### DATA EXTRACT
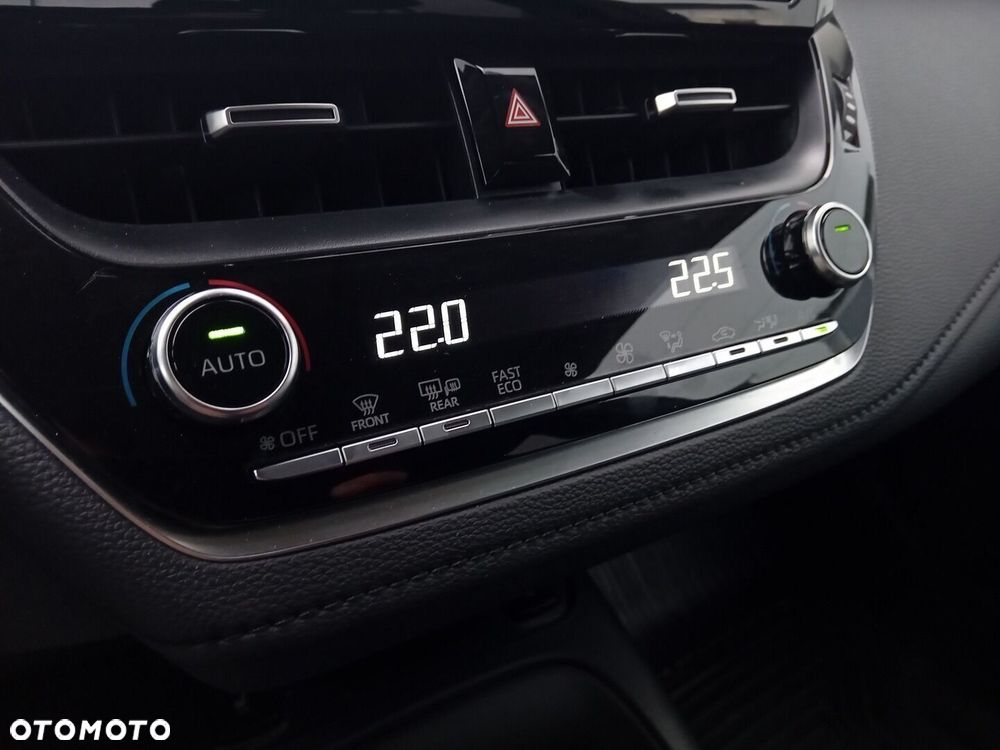 Toyota Corolla 1.8 Hybrid Comfort - 17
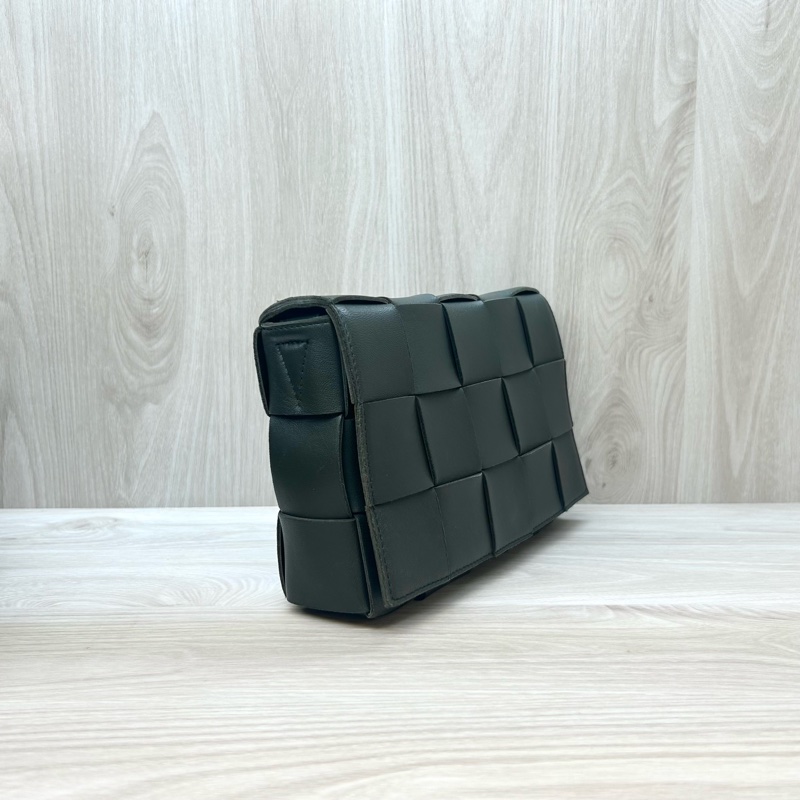 BV軍綠色小羊皮Cassette磁吸側背包578004-3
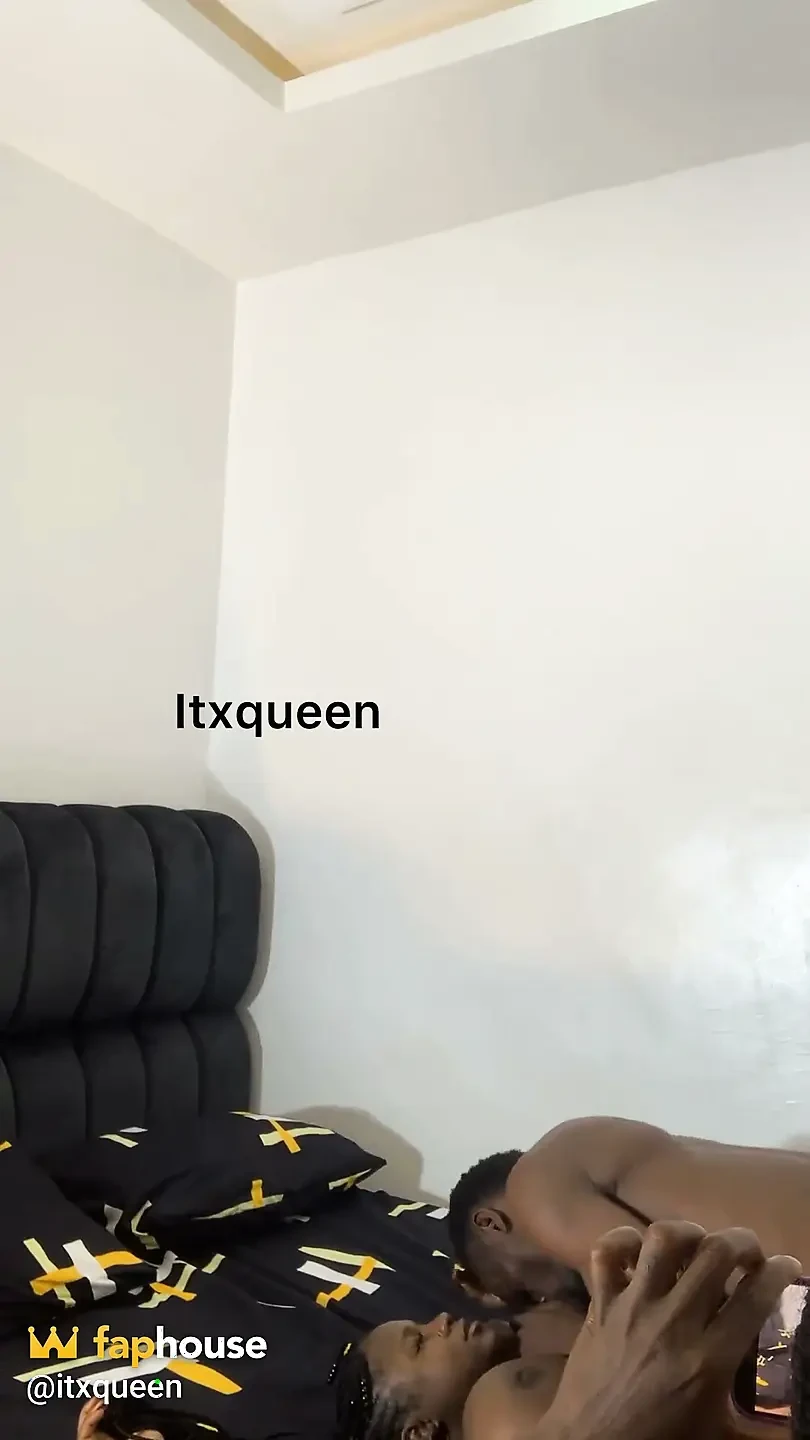 Pato ve Itxqueen sahne arkasında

### GOAL OF THE EXERCISE
Set down nothing but the lines from the one containing "BV軍綠色小羊皮Cassette磁吸側背包578004-3" to the final line above, both included, with every picture left out.

### RESPONSE TO THIS TASK
 BV軍綠色小羊皮Cassette磁吸側背包578004-3
 Pato ve Itxqueen sahne arkasında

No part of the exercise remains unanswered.